Bu yazımızda da sizlere gazilik tazminatının ne olduğunu, nasıl hesaplandığını ve 2023 Gazilik tazminatının ne kadar olduğunu, kimlerin alabileceğini, tazminatın nasıl alınabileceğini, konu ile ilgili emsal kararları ve benzeri hususları açıklayacağız.

Gazilik Tazminatı – Gazi (Malul) Maddi Manevi Tazminat Hakkı  benzeri konularda bir uyuşmazlığınız ya da sorununuzun olması halinde alanında uzman askeri hukuk avukatlarımızı arayabilir ve detaylı danışmanlık hizmeti alabilirsiniz.
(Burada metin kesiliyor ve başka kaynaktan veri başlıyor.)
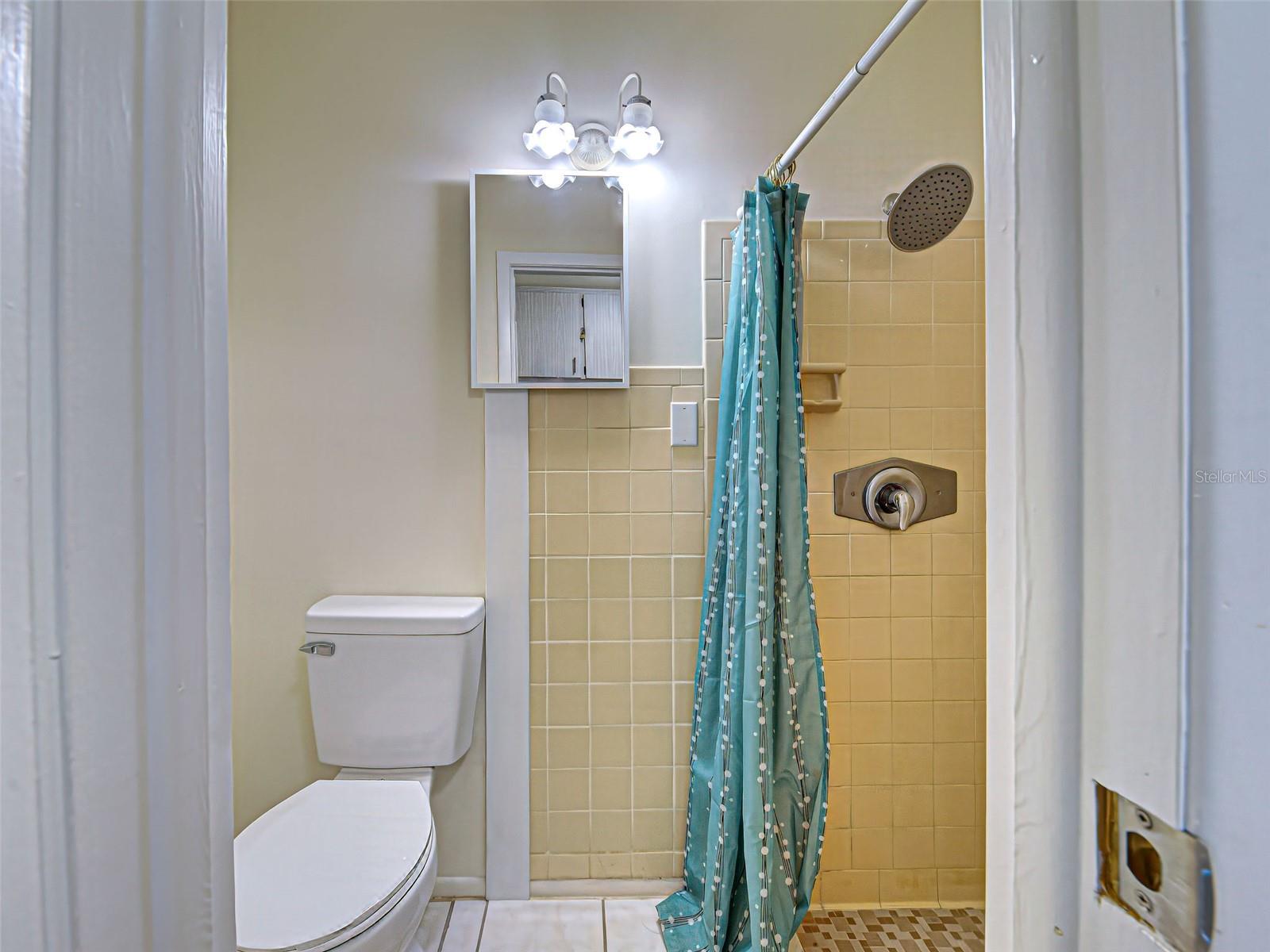 441 VENETIA AVE, NORTH PORT, FL, 34287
Gazilik Tazminatı – Gazi (Malul) Maddi Manevi Tazminat Hakkı
Gazilik Tazminatı – Gazi (Malul) Maddi Manevi Tazminat Hakkı

Gazilik Tazminatı Nedir?

Gazilik Tazminatı, asker veya başkaca ilgili personellerin aşağıda saymış olduğumuz kanunlar çerçevesinde yapmış oldukları görevin sebebi ve etkisiyle uğramış oldukları bedensel zarar dolayısıyla almış oldukları nakdi tazminattır. Adı geçen kanunlar:

  • 2330 Sayılı Nakdi Tazminat ve Aylık Bağlanması Hakkında Kanun
  • 3497 Sayılı Kara Sınırlarının Korunması ve Güvenliği Hakkında Kanun
  • 3713 Sayılı Terörle Mücadele Kanunu
  • 4536 Sayılı Denizlerde ve Yurt Yüzeyinde Görülen Patlayıcı Madde ve Şüpheli Cisimlere Uygulanacak Esaslara İlişkin Kanun
  • 2566 Sayılı Bazı Kamu Görevlilerine Nakdi Tazminat Verilmesi ve Aylık Bağlanması Hakkında Kanunu
  • 2453 Sayılı Yurt Dışında Görevli Personele Nakdi Tazminat Verilmesi ve Aylık Bağlanması Hakkında Kanun
  • 2629 Sayılı Uçuş, Paraşüt, Denizaltı, Dalgıç ve Kurbağa Adam Hizmetleri Tazminat Kanunu
    Görüldüğü üzere askeri personelin gazi tazminatına hak kazanabilmesi için öncelikle yukarıda sayılan kanun veya kanunlar çerçevesinde görev yapıyor olması gereklidir. Bununla birlikte askeri personelin söz konusu görevi yapması nedeniyle ve yapmış olduğu görevin etkisiyle bedensel bir zarara uğramış olması gerekmektedir.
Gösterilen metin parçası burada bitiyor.